• [DESCRIPTION OF THE TASK] Copy the lines below, please, starting with the one that contains "Opel Astra 2012" and ending with the last. Pictures stay out.

(Brief descriptive captions)
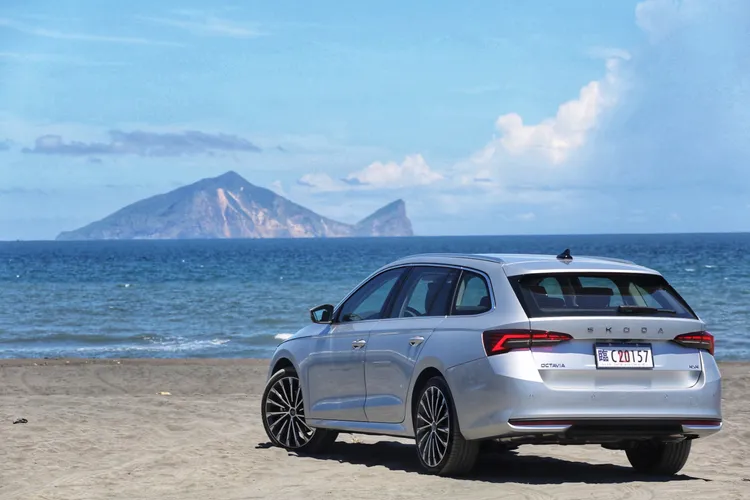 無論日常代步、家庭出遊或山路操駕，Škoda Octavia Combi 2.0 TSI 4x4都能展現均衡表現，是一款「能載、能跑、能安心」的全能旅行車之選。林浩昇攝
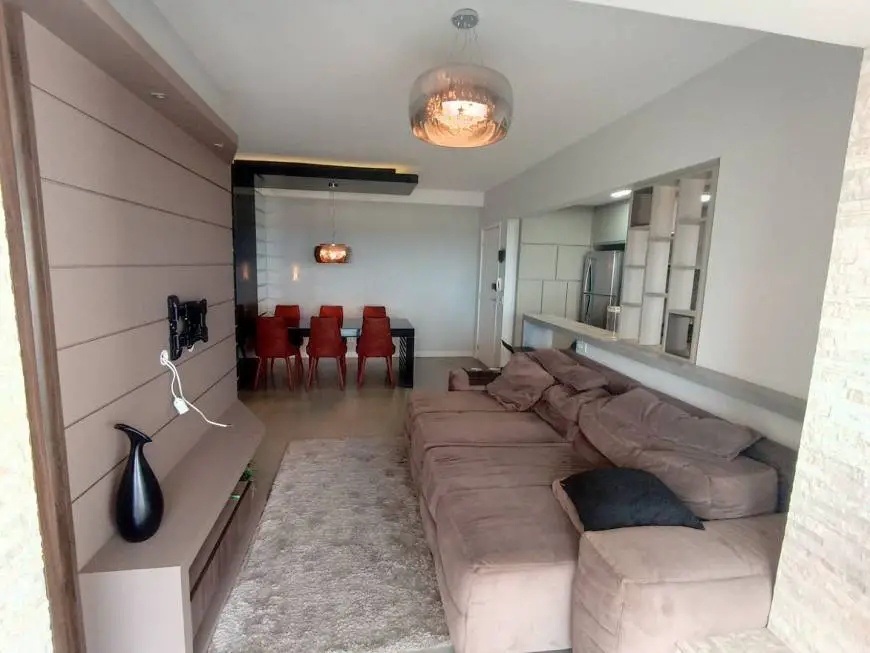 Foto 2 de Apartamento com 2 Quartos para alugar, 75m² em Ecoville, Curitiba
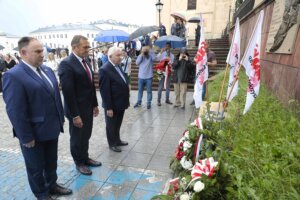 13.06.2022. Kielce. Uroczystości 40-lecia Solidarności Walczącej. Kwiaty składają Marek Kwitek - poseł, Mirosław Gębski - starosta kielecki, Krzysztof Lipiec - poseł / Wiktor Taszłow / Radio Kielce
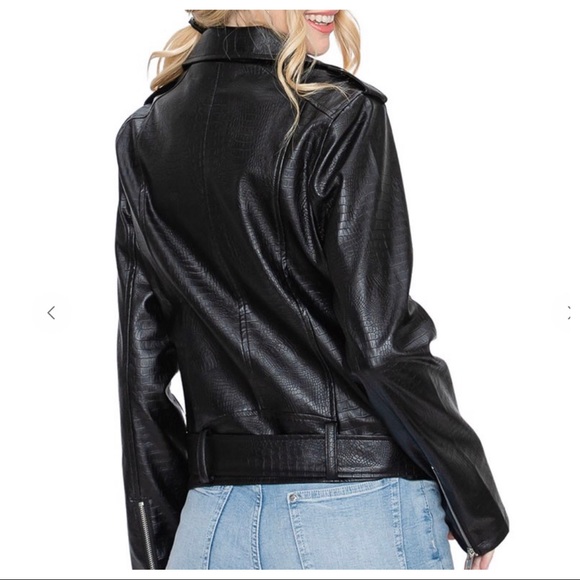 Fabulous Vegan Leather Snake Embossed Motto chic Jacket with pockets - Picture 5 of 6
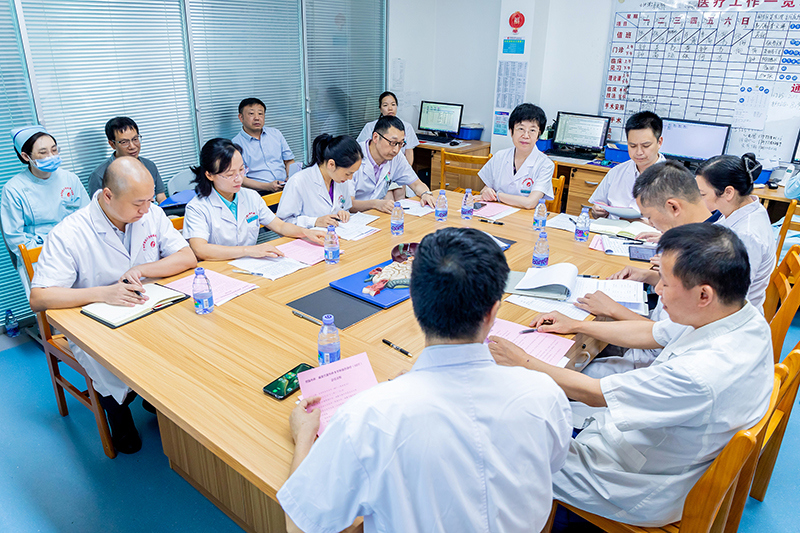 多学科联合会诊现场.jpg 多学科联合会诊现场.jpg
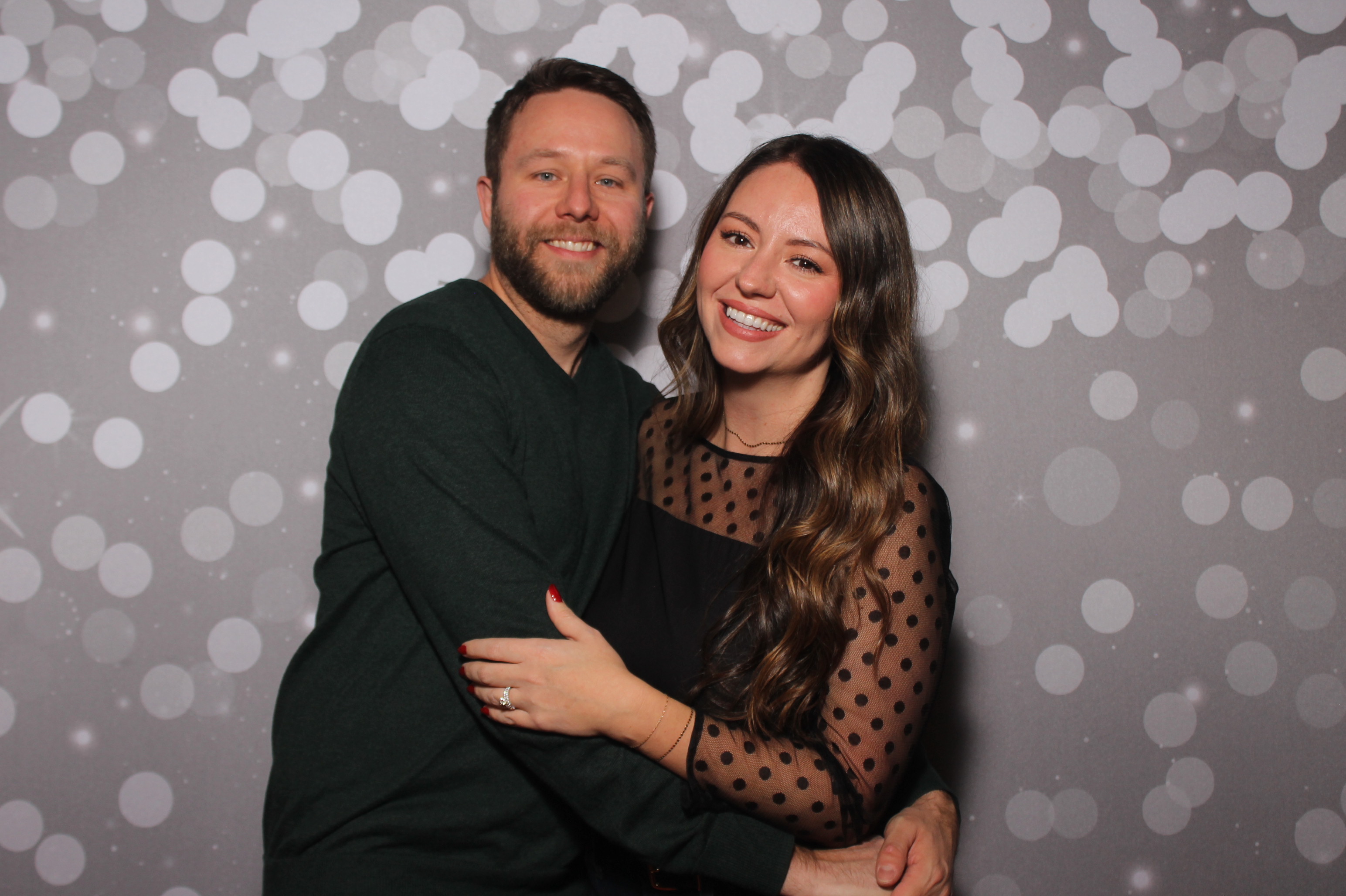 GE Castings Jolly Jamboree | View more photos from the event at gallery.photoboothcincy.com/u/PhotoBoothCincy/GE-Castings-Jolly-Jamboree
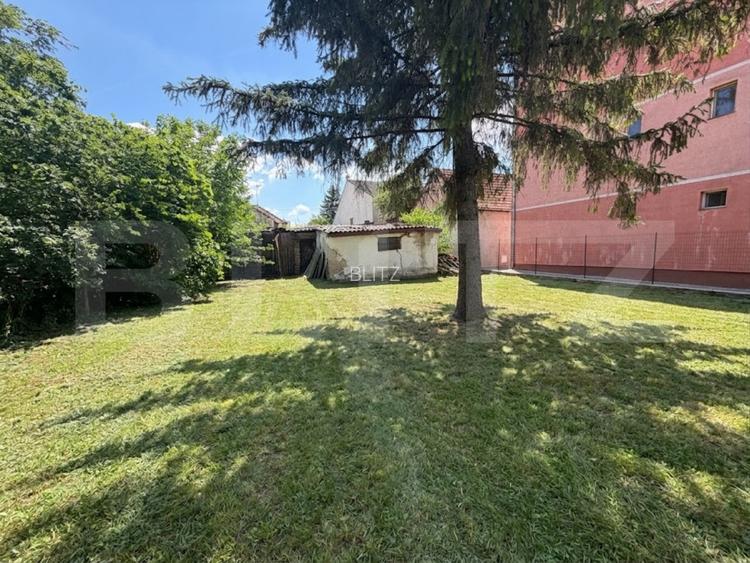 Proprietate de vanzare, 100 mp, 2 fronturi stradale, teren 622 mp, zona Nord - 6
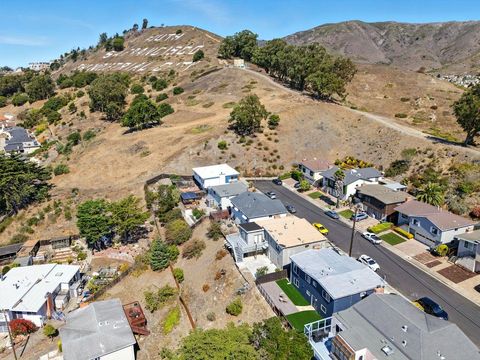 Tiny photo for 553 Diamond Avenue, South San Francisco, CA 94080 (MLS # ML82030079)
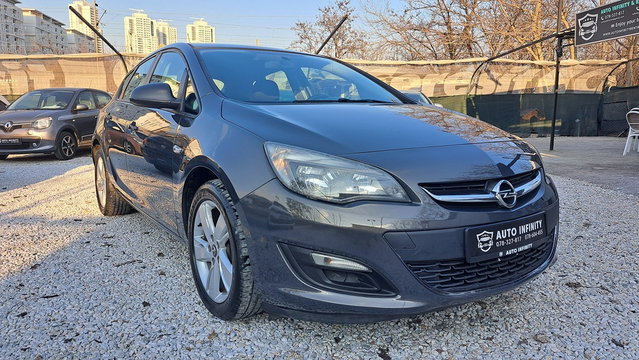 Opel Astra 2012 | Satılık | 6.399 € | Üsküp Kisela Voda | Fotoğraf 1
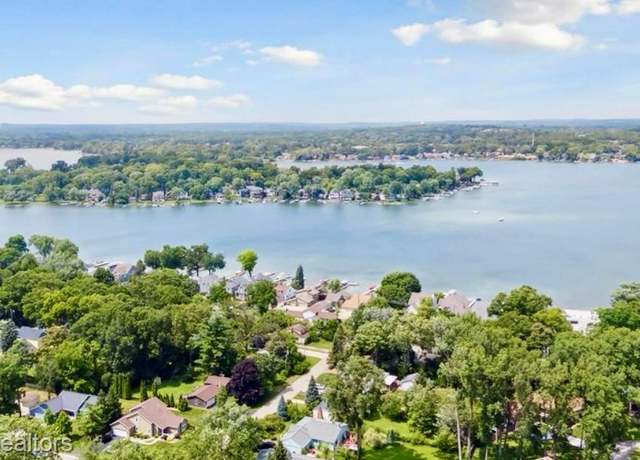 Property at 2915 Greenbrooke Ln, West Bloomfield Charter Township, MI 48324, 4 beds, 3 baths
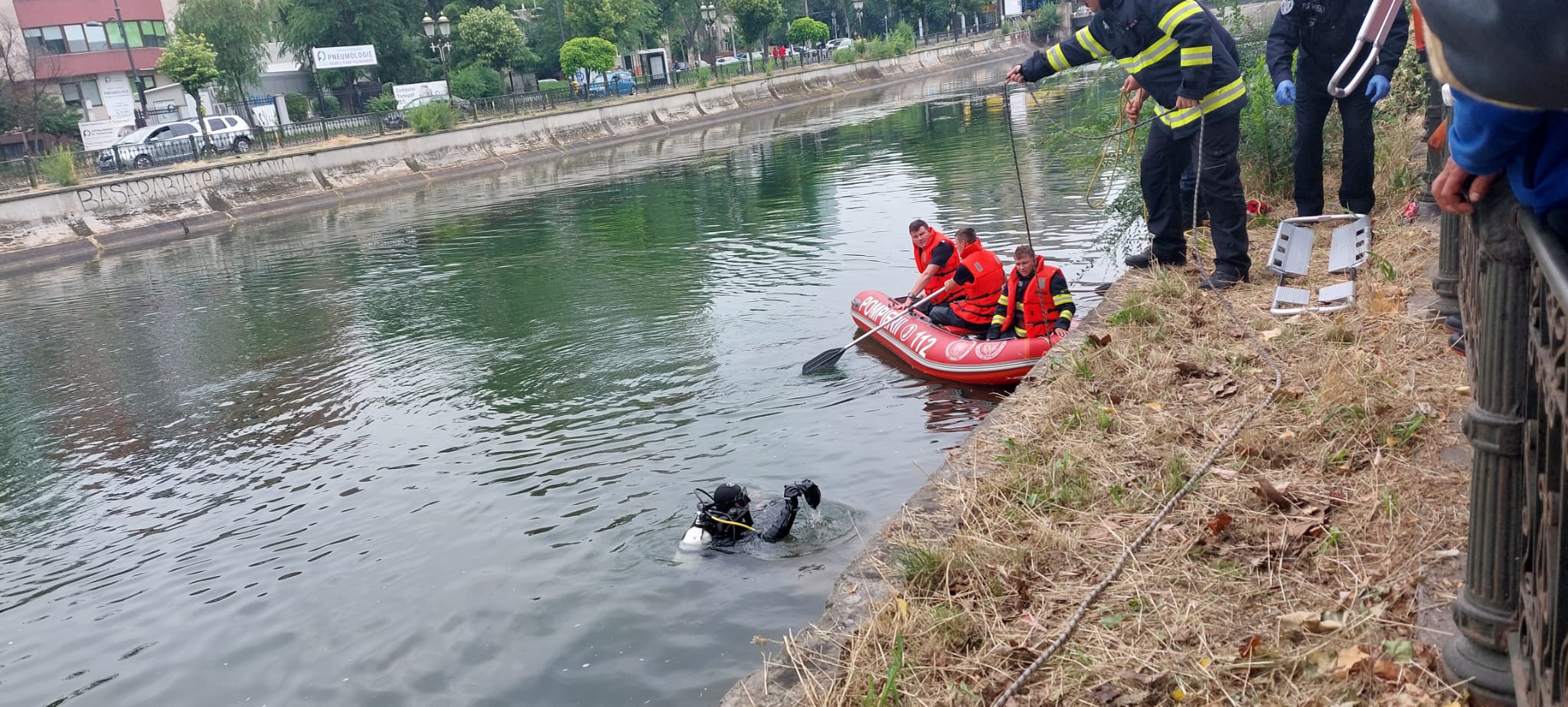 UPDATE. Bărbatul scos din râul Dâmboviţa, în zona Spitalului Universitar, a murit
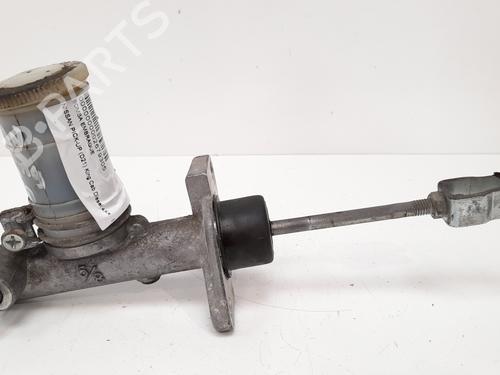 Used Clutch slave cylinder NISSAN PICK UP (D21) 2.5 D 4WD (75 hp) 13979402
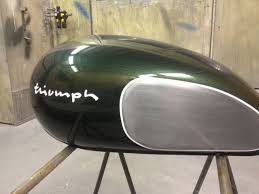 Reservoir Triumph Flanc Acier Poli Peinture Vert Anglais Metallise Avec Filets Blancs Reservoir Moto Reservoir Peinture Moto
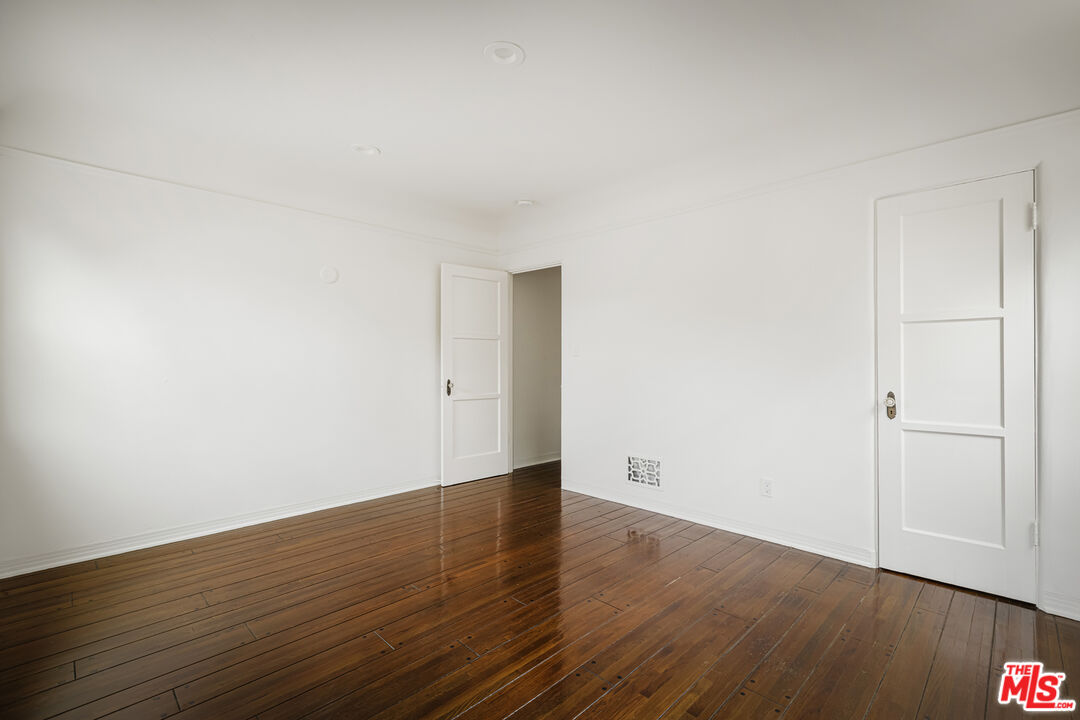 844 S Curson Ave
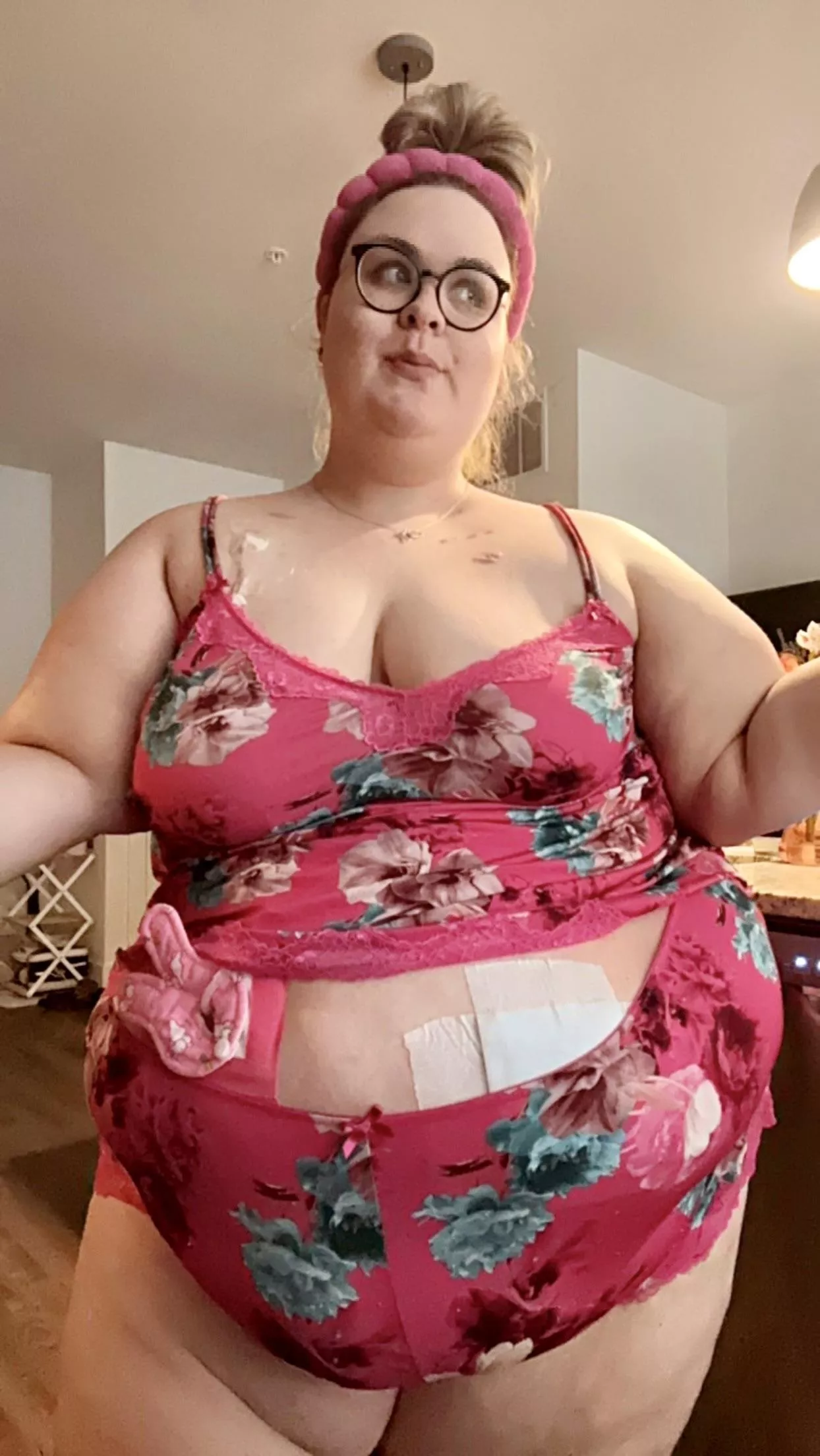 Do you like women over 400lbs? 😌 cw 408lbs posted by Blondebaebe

• [RESPONSE BELOW]
 Opel Astra 2012 | Satılık | 6.399 € | Üsküp Kisela Voda | Fotoğraf 1
 Property at 2915 Greenbrooke Ln, West Bloomfield Charter Township, MI 48324, 4 beds, 3 baths
 UPDATE. Bărbatul scos din râul Dâmboviţa, în zona Spitalului Universitar, a murit
 Used Clutch slave cylinder NISSAN PICK UP (D21) 2.5 D 4WD (75 hp) 13979402
 Reservoir Triumph Flanc Acier Poli Peinture Vert Anglais Metallise Avec Filets Blancs Reservoir Moto Reservoir Peinture Moto
 844 S Curson Ave
 Do you like women over 400lbs? 😌 cw 408lbs posted by Blondebaebe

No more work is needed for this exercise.